#### Aim of the exercise
Your answer is to be every line of the material that includes the string "sitting".

____________________

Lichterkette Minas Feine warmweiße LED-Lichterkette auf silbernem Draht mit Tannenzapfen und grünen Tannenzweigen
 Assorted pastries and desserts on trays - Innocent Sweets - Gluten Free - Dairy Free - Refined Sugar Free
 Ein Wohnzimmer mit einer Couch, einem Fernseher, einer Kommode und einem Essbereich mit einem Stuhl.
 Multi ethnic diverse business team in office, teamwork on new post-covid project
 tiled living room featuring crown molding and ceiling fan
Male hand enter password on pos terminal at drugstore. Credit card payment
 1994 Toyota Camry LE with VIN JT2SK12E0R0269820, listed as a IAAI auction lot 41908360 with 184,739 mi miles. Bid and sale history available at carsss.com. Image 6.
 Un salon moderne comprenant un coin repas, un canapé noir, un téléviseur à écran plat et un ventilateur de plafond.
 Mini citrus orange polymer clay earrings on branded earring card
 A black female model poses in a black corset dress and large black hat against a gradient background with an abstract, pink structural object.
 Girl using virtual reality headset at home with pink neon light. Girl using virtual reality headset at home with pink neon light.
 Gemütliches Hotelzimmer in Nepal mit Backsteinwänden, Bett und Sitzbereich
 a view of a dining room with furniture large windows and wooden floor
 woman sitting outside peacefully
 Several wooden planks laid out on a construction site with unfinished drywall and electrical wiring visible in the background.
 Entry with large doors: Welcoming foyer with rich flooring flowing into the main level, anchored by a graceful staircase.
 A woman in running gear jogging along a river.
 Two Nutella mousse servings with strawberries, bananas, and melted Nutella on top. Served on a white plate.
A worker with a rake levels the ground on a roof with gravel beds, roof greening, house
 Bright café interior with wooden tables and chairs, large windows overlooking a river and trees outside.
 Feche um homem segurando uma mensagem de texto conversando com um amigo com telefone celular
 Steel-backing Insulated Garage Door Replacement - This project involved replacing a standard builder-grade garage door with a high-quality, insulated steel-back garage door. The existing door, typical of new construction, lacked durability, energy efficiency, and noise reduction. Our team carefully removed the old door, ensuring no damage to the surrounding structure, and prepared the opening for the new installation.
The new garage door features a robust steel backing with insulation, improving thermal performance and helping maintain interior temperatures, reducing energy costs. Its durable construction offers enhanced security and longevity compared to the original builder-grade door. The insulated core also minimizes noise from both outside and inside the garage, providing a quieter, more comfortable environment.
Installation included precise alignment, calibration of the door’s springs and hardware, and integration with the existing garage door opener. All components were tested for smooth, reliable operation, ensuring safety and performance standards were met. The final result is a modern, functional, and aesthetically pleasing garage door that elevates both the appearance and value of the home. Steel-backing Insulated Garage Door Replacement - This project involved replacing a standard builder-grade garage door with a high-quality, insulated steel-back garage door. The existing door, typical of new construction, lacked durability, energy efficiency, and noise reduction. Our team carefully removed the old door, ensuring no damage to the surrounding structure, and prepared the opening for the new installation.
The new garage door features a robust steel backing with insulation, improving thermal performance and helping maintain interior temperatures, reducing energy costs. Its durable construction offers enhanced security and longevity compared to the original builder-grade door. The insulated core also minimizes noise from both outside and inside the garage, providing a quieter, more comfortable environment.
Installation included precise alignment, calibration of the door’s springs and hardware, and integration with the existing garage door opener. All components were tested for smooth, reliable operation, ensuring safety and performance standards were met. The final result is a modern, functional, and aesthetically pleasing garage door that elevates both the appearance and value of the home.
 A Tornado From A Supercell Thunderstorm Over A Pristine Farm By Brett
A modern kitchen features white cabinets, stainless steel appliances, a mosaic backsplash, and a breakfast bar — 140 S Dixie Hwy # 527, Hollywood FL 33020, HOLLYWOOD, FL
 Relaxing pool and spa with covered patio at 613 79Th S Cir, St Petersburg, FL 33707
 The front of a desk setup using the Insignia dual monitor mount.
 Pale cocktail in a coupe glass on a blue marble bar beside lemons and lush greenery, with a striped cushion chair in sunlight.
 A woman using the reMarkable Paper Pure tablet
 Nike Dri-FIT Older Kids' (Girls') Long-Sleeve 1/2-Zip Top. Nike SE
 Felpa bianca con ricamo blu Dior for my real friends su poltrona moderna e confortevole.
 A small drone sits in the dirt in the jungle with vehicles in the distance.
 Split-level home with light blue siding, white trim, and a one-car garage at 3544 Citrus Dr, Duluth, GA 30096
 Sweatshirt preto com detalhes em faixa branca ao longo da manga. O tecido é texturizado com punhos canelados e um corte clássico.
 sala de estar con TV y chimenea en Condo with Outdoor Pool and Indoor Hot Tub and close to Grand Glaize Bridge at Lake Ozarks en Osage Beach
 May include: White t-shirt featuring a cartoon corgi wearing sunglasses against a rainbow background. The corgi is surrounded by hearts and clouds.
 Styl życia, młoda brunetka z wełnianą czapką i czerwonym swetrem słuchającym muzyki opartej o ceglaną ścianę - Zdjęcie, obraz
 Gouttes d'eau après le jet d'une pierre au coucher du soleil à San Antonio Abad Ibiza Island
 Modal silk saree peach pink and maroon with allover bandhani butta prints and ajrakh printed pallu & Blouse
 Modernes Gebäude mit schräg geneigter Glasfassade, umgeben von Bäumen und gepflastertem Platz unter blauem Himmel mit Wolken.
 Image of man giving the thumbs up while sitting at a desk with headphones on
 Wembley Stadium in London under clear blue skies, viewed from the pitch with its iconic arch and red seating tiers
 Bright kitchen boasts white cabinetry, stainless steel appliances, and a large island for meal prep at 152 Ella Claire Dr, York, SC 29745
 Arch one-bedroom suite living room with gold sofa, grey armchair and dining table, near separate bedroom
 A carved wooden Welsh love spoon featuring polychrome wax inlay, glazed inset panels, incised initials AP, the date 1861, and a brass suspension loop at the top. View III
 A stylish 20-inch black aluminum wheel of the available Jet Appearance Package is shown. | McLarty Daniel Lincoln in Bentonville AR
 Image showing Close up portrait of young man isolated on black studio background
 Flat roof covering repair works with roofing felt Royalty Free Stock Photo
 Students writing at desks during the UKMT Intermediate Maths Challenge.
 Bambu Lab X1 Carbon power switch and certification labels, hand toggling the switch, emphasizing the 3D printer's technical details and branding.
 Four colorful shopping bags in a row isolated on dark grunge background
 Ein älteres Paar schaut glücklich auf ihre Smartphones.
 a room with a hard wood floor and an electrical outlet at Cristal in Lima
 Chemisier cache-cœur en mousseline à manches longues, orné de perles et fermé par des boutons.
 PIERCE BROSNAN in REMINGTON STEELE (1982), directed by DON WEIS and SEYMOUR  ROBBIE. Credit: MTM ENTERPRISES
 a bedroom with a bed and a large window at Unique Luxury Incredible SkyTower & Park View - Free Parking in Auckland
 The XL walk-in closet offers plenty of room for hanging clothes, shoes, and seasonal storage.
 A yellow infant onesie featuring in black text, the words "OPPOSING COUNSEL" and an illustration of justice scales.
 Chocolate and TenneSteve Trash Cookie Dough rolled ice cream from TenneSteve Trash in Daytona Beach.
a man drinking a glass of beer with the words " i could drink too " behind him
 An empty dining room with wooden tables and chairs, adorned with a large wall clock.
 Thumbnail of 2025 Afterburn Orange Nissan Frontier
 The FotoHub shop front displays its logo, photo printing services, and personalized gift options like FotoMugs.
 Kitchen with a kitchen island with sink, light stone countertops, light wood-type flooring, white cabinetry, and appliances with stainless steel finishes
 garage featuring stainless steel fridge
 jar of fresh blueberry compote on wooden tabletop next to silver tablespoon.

____________________

#### Task output
 woman sitting outside peacefully
 Image of man giving the thumbs up while sitting at a desk with headphones on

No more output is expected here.